Похоже, было на то, что парень спьяну спутал все на свете. Ему мерещилось, что он еще на земле, и скоро надо будет идти на вечернюю поверку. Не в лучшем состоянии были и его сербы. Посмотрев на все это, Зорич срочно вызвал главврача с бригадой реаниматоров.

— Доктор, спасите мне их! Похоже, они все отравились какой-то дрянью!

Но, осмотрев пару солдат, Алина Васильевна махнула рукой.

— Ерунда. Типичное алкогольное отравление. От жадности да на халяву пережрали парни спирту сверх всякой нормы. Завтра у всех будет дикий сушняк, и вот тогда они проклянут нашу норму, пол-литра воды на человека.

— Но, откуда у них спирт? — Недоумевал подошедший Манштейн. — Я точно знаю, что на борту этой гадости не было, и хаски ее в своих системах не используют.

Ответ на этот вопрос нашли быстро. Во всем отсеке нашелся только один лишний человек со стороны — Вовка Малыгин. Двухметрового роста бородач сидел на самых дальних нарах во вполне добродушном настроении. С пьяных глаз да в полумраке, он не рассмотрел, кто пришел его проведать.

— Здорово, орлы! Выпить хотите? — Такими словами приветствовал он разъяренного Зорича. Поняв, что это пришла не очередная группа собутыльников, а, наоборот, строгое начальство, он добродушно улыбнулся. Затем Владимир залпом опрокинул в рот полкружки спирта, завалился назад, поперек обнаженного тела одного из сербов, и мгновенно уснул. Под этими же нарами нашли две самодельных, ведерной емкости канистры из пластика, а в ней, остатки высококачественной самогонки. Сам же аппарат обнаружили с трудом, и то, только прокрутив записи систем слежения за личным составом. Как оказалось, слесарь в тот день чересчур часто посещал одно, не слишком приятное заведение — канализационный коллектор окончательного сбора. Место это не очень любили, запах там стоял типичный для любого сортира. Прибор нашли быстро, он занимал в объеме не более одного кубического метра. И собрал его слесарь из каких-то местных, с виду хаотично соединенных деталей. Принцип работы этого прибора озадачил всех ученых, но, когда Майдачный, на следующий день, докладывал про него Райту, он выглядел не только удивленным, но, и как-то даже и гордым.

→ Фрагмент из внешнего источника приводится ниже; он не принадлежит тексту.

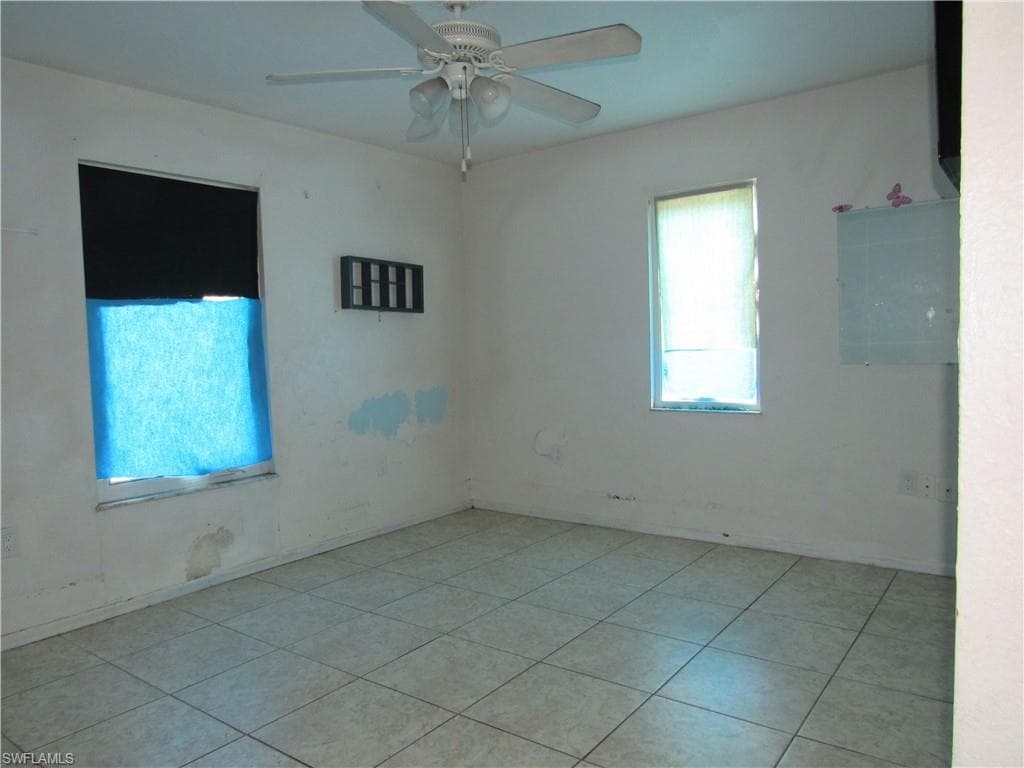 2365 Canal ST-5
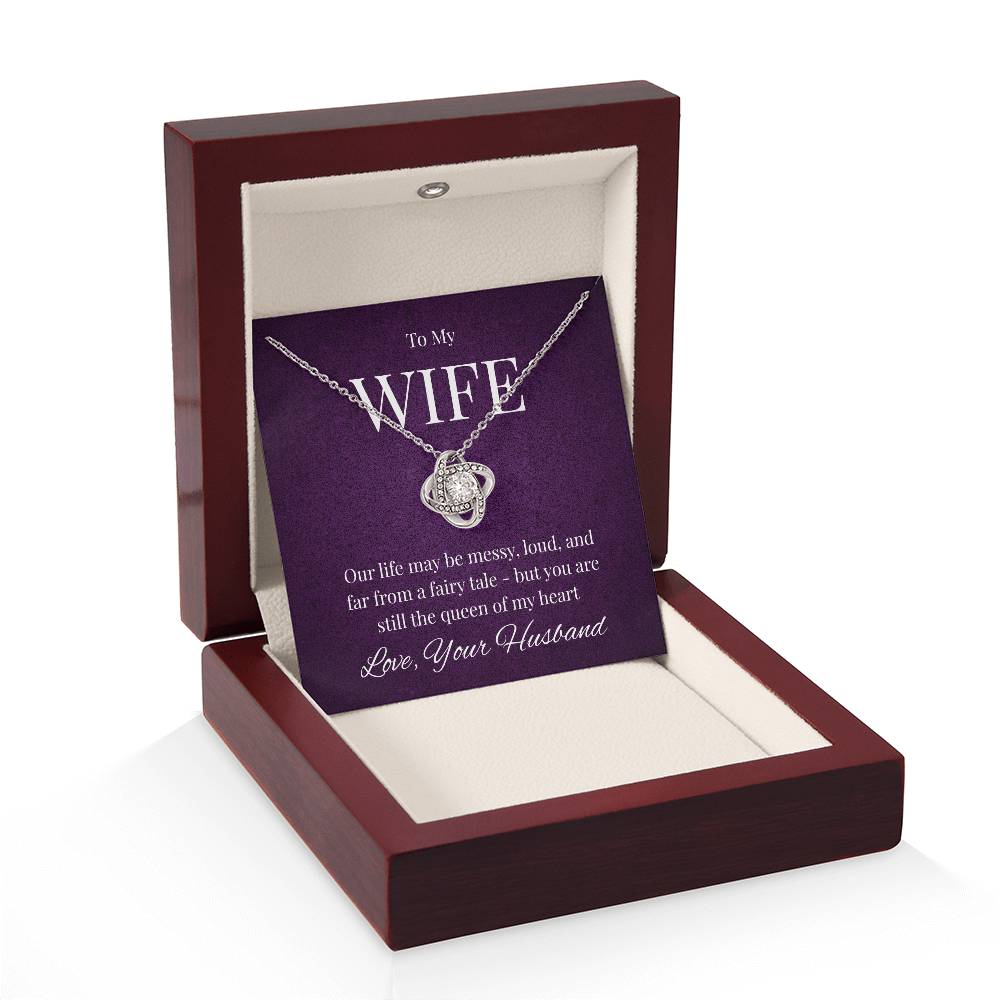 Necklace For Wife, The Queen Of Your Heart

— Вовке бы за такое изобретение на земле отвалили миллионы долларов. Это додуматься даже трудно до самой идеи. Из дерьма и мочи, путем нанотехнологий напрямую производить спирт! Эта идея дорогого стоит.

Райт не поверил своему главному заместителю по науке.

— Но, ты же мне говорил, что он простой слесарь?

— Ну и что?

— Как он догадался? Как он смог сделать это?

Майдачный почесал затылок.

— Я как-то говорил ему, что можно из дерьма делать пишу. Он долго про это расспрашивал, рисовал схему. А потом пошел сам дальше. Сначала научился делать из дерьма пищу, а потом из пищи самогон. Во все времена самогон гнали из пшеницы, картошки, свеклы. Так что — он просто пошел дальше. Кстати, это — самое гуманное производство. Никакого ущерба для общества, никаких потерь пищи.

Всех зачинщиков пьянки посадили на гауптвахту, а самогонный аппарат постарались разобрать на как можно более мелкие детали.

Еще через два дня вспыхнула грандиозная драка в одном из кормовых отсеков. Драки на Ковчеге были и до этого, они возникали едва ли не ежедневно в разных отсеках. Конфликтовали из-за цвета кожи, из-за разного стиля жизни, из-за религиозный убеждений, но, больше всего, конечно, из-за женщин. Но такая грандиозная бойня завязалась в первый раз. Вольным или невольным ее зачинщиком был Даф Вебер — Дамфи. По вечерам, после службы, он, от нечего делать, пристрастился к игре в покер. Он и на земле хорошо поигрывал, а за эти семь месяцев поднаторел до истинного мастерства. Проблема была только одна — не хотелось ему играть на интерес. А получить какой-либо материальную прибыль в условиях перелета не было никакой возможности. Денег не было, на пищу никто играть не соглашался, на одежду — тем более. У большинства из одежды было только то, что было на них. И тогда Даф стали играть на щелбаны. Все бы было хорошо, но надо было видеть руку Дамфи, и видеть эти его щелбаны. Проигравшие получали натуральные шишки на лбу, у многих лопалась кожа и начинала идти кровь. Вскоре в родном отсеке уже никто не соглашался играть с Дамфи. Тогда он пошел гастролировать по другим отсекам. Всех их хватало максимум на неделю. Но, однажды он нарвался на отсек, где большинство поселенцев составляли мексиканцы. За первый час игры Дамфи невзначай разбил пяток лиц, пытавшихся заглянуть в его карты. Выглядело это небрежной отмашкой, но кровь и синяки у этих несчастных были вполне обширными.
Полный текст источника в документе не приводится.